Information provided ▸
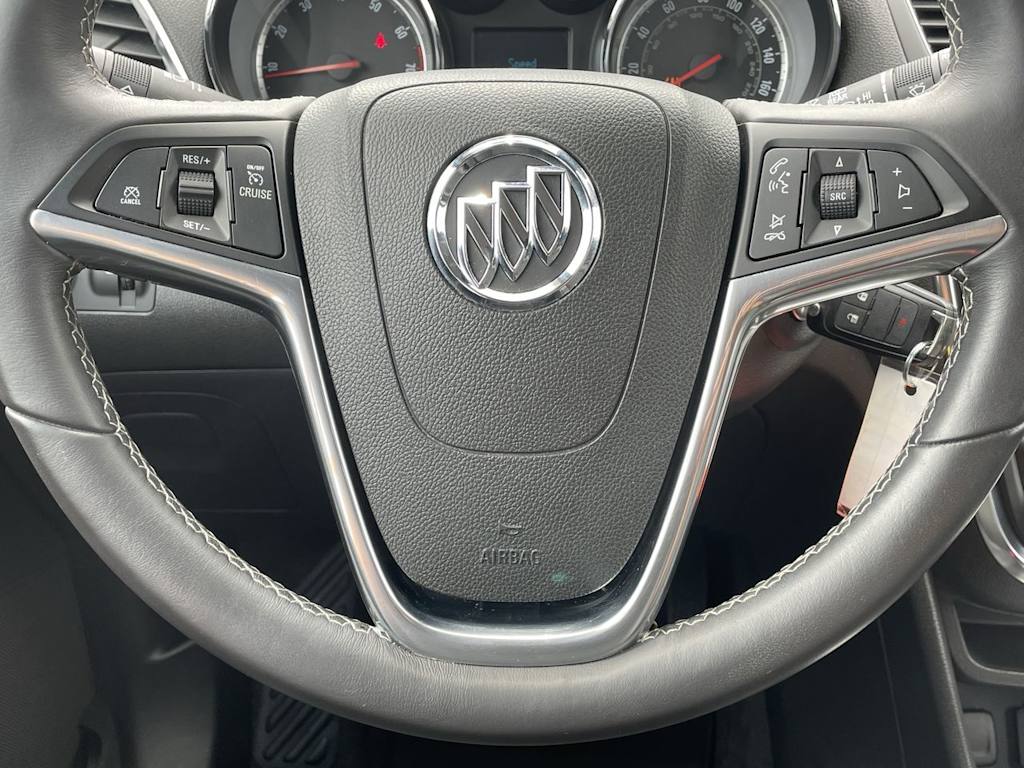 Thumbnail: 2016 Buick Encore - 27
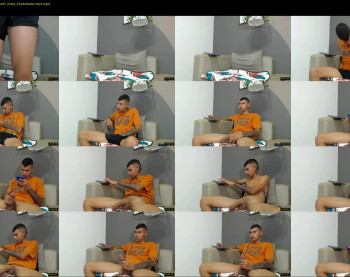tatanwalker — 50 minute Chaturbate male cam show recording, 720p, Nov 18, 2021
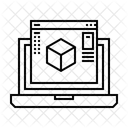 3d  Icon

What is expected ▸ Once the pictures are set aside, retype the rest of the listing exactly.

Solution to the exercise ▸
 Thumbnail: 2016 Buick Encore - 27
tatanwalker — 50 minute Chaturbate male cam show recording, 720p, Nov 18, 2021
 3d  Icon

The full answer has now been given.